DATASET SECTION:
*** Begin section ***
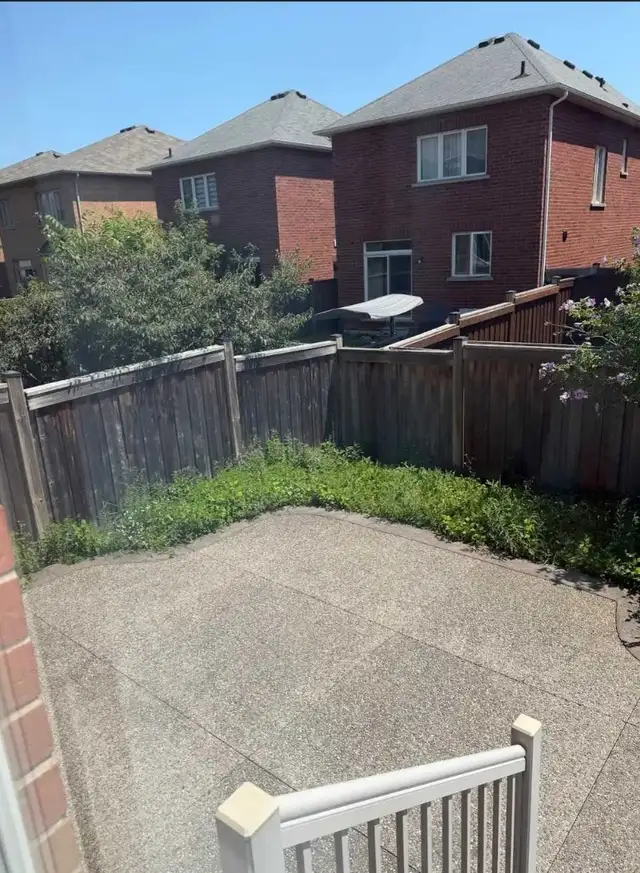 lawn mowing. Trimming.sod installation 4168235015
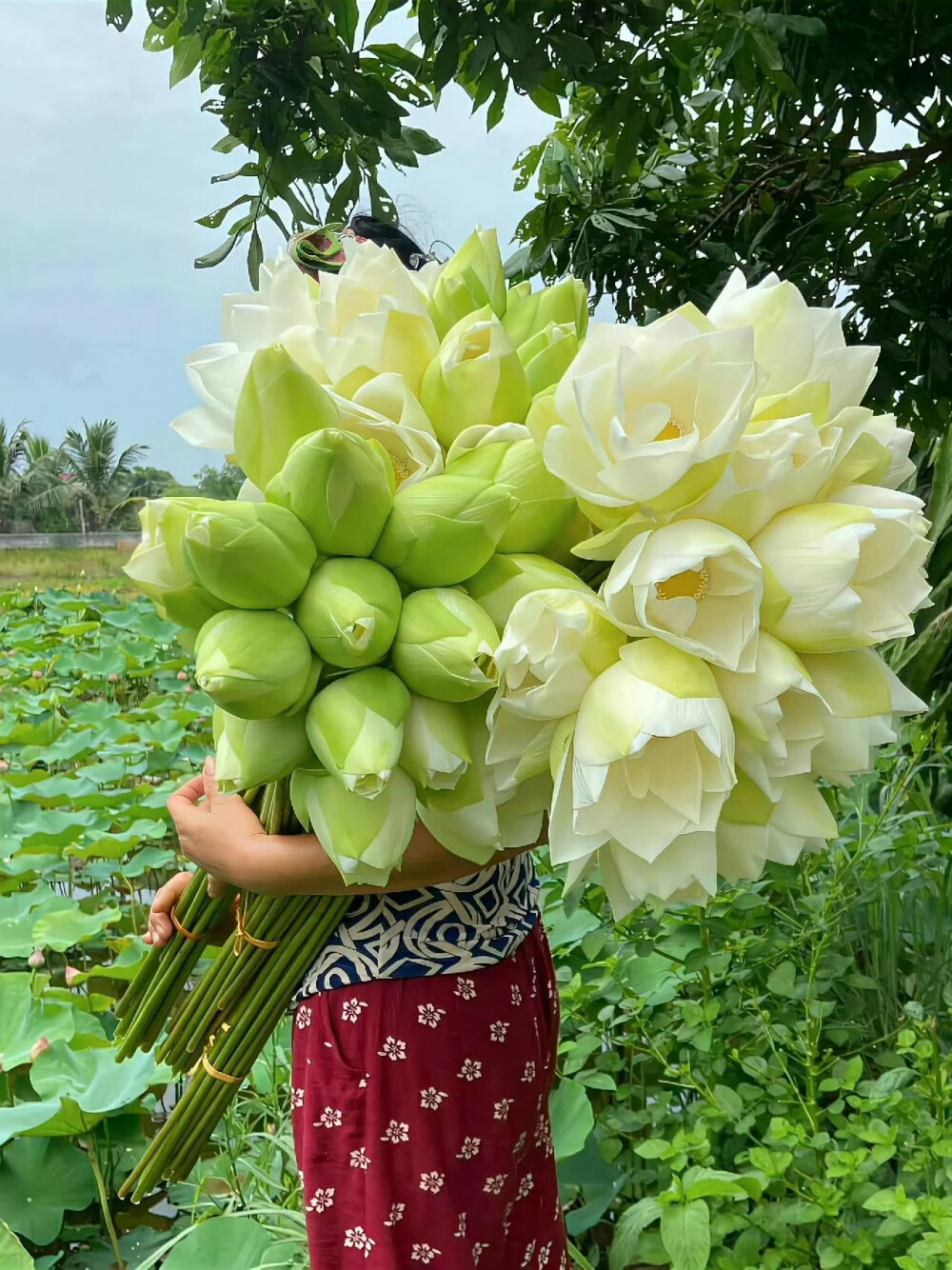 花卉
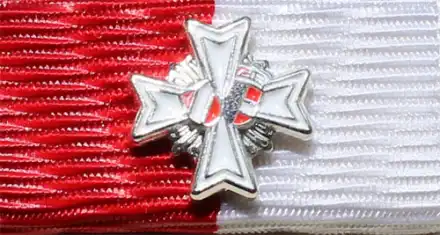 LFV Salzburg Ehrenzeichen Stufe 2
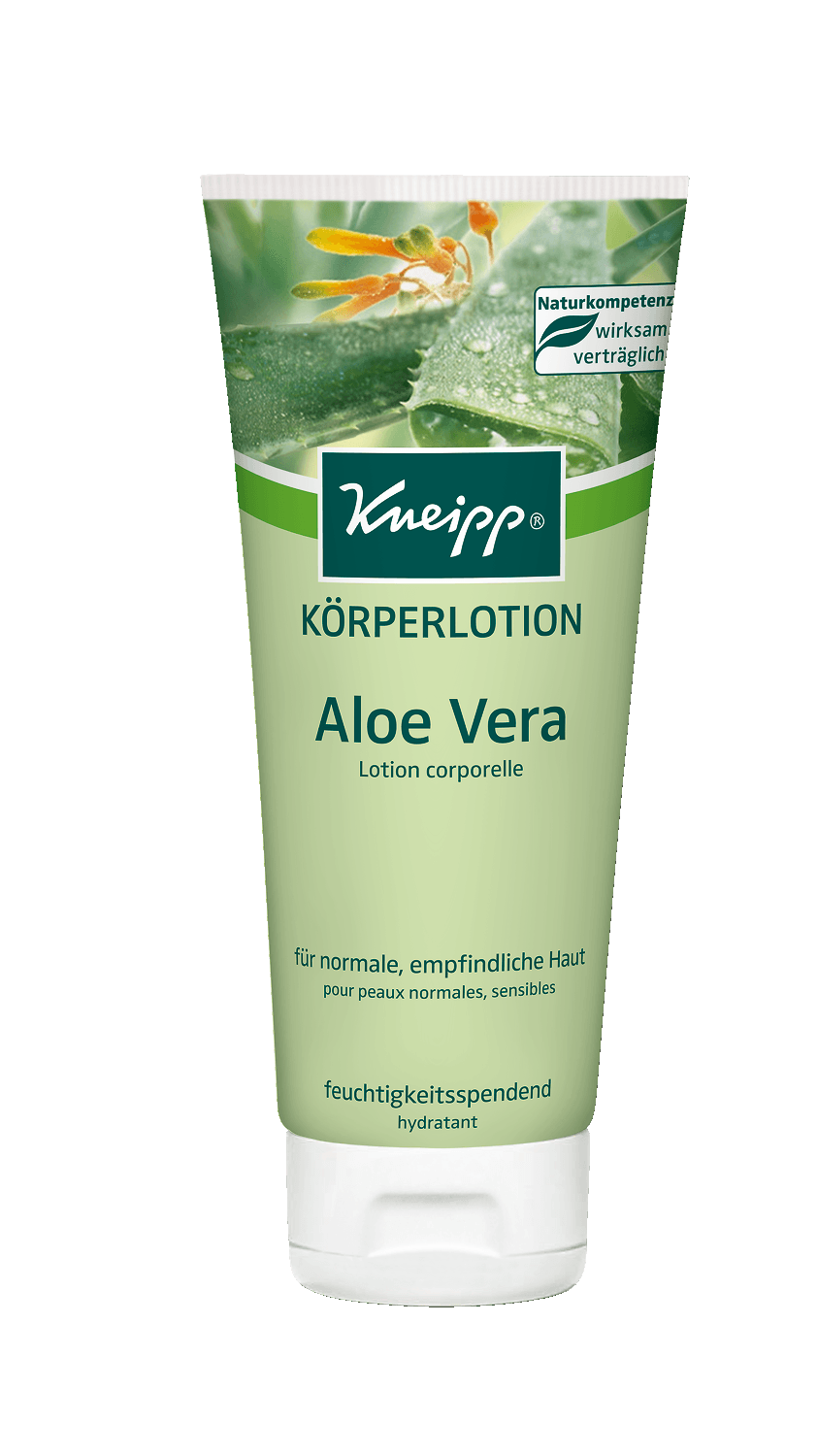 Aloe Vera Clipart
*** End section ***
WHAT THE TASK ASKS: Would you give the data above again word for word, skipping any images?

REPLY:
 lawn mowing. Trimming.sod installation 4168235015
 花卉
 LFV Salzburg Ehrenzeichen Stufe 2
 Aloe Vera Clipart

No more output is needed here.